In music, a power chord is an interval which serves the diatonic function of a major or minor chord. It consists of two pitches or three pitches with one doubled at the octave, and thus only two pitch classes. The pitch classes are separated by a perfect fifth, or its inversion, the perfect fourth. It is sometimes notated 5, as in C5 (C power chord).

Power chords are commonly used in various forms of rock music including hard rock, metal, and punk. The power chord's prevalence in these electric guitar-based styles is likely due to two reasons:

  • First, as it contains only two pitches, the power chord is the easiest chord to form on the guitar (requiring only two or three fingers) and easily movable anywhere on the neck. If the guitar is re-tuned in drop D , then its lowest strings form a D power chord already, which can be shifted up and down with a single finger.
  • Secondly, the distortion essential to rock guitar tone produces a great deal of harmonic overtones that tend to produce dissonance. The power chord contains the most consonant intervals in Western music: unison, octave, perfect 5th and perfect 4th. As a result, it largely avoids the noise produced by more complex chords on overdriven guitar.

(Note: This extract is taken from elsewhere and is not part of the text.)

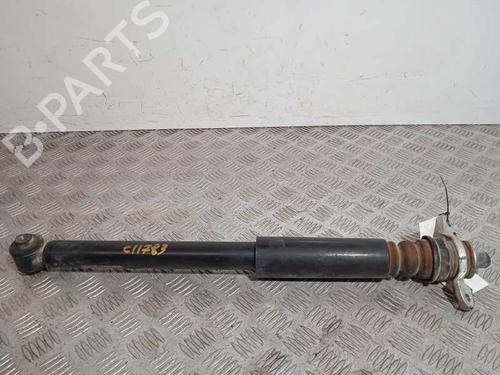 Used Right rear shock absorber HYUNDAI i20 II (GB, IB) 1.1 CRDi (75 hp) 15352949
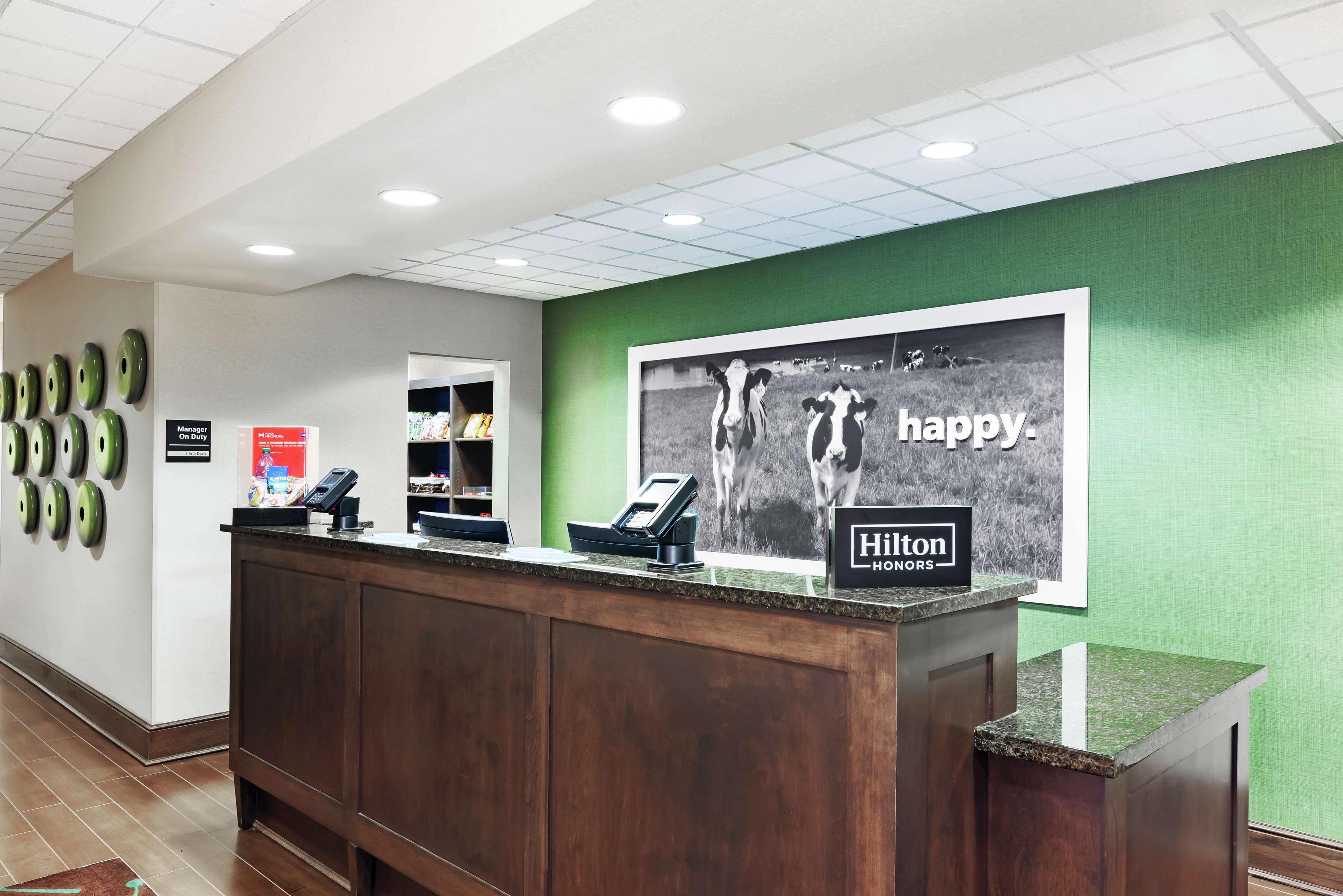 Hampton Inn & Suites Shreveport/Bossier City At Airline Drive Экстерьер фото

Shown are four examples of an F5 chord. The most common voicing is the 1-5 perfect fifth (A), to which the octave can be added, 1-5-1 (B). A perfect fourth 5-1 (C) is also a power chord, as it implies the "missing" lower 1 pitch, and indeed with enough distortion this lower pitch is sometimes audible. Finally, either or both of the pitches may be doubled an octave above or below (D is 5-1-5-1).

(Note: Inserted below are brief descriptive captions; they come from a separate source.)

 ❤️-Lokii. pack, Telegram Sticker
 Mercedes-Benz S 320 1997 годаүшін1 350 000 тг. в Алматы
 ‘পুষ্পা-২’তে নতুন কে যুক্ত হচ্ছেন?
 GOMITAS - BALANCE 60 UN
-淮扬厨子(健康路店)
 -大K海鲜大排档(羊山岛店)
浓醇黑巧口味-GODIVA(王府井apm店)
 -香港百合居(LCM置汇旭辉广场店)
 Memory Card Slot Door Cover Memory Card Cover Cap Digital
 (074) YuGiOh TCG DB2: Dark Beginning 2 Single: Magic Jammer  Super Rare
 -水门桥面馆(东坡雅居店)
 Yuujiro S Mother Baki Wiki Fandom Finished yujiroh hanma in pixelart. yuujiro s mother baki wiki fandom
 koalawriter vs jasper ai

Since power chords lack a third, they are ambiguous as to mode: they are neither major or minor. However, the musical context often implies or provides a frame of reference for major or minor. For example, in the progression bVI-bVII-I, the I chord is implied to be minor by the bVI chord, and other instrumental parts may confirm this during the one chord by playing a minor third, or may contradict this by playing a major.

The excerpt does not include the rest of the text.